The supercommittee structure, it was hoped, might insulate members from the heat that normally accompanied any grand bargain. The supercommittee could have done for deficit-reduction what the base-closing process did for post-Cold War draw-down of military installations. That is to say, it sought to bypass Washington’s usual style of doing business in order to favor decisions based on reason and empirical evidence. The base-closing process isn’t perfect, but it’s superior to leaving the nation’s defense needs to raw politics.

The foundations of the supercommittee weren’t bad. The 12 lawmakers had a choice: Reduce the deficit by $1.2 trillion before Thanksgiving or face $1 trillion in automatic cuts that slash domestic and defense spending starting in 2013. In other words, work together or suffer the consequences.

An announcement of failure Monday by the Republican and Democratic chairs of the supercommittee is an admission that those consequences won out over a compromise.

What would a compromise have looked like? President Barack Obama’s bipartisan deficit-reduction panel set the tone for such a deal early this year. The Simpson-Bowles commission outlined a mixed diet of spending cuts, reductions in social insurance programs and tax increases for the wealthy, all carefully rolled in so as to not disrupt the fragile national economy. The top Republican and Democrat on the panel — Alan Simpson, a former Republican U.S. senator, and Erskine Bowles, chief of staff under President Bill Clinton — loudly argued that those three ingredients are required.

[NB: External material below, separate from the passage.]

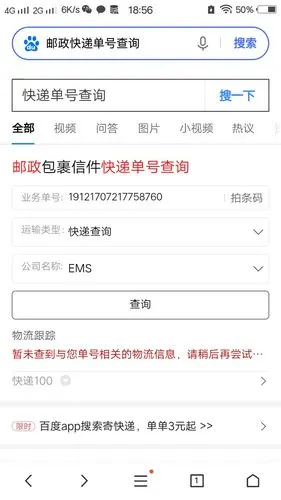 我的邮政快递单号查询191217-07217758760?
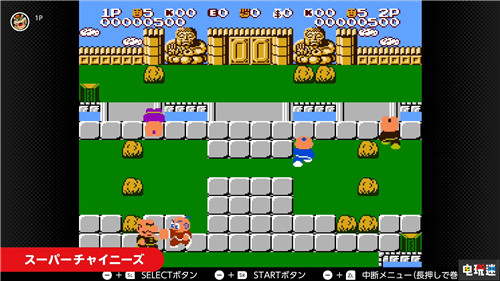 任天堂NSO會員8月會免《熱血進行曲：大運動會》在列 8月 會免 FC Switch 任天堂SWITCH  第4張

Most accounts of the supercommittee workings confirm that spending cuts and social insurance adjustments were on the table, though the debate centered on precisely how much to cut. Tax increases for those Americans most able to afford them, however, were a non-starter for Republicans on the supercommittee.

Republicans will thus come in for a lot of criticism for their inability to budge on taxes. Democrats will accuse them of protecting the very richest Americans to the detriment of nation.

In return, Republicans will claim Democrats mishandled their side of the compromise. “If you look at the Democrats’ position it was, ‘We have to raise taxes. We have to pass this jobs bill, which is another almost half-trillion dollars. And we’re not excited about entitlement reform,’ ” Sen. Jon Kyl, R-Ariz., said Sunday on NBC’s Meet the Press.

No side will elude some measure of blame in this super-fiasco, including the president. It was the Obama administration that put off raising the debt ceiling in late 2010 while Democrats still held a majority in the U.S. House. The Republicans took control of the House in 2011 and it was their foot-dragging that brought on a last-minute deal on the debt ceiling. Part of that arrangement was the creation of the supercommittee and its goal of debt-reduction.

Obama’s arms-length relationship with his own Simpson-Bowles commission is another problem. The president missed an opportunity earlier this year to accept its framework and set about to sell it to the American people. Such an effort may have been as futile as the not-so-super supercommittee, but it would have displayed a chief executive exerting leadership. Monday Obama said he will keep the pressure on Congress by not allowing it to evade the penalties that come with a missed $1.2 trillion deadline. That’s a welcome signal that the president is forcefully engaging.

Americans are looking for leaders in Washington to manage our big problems. That search continues.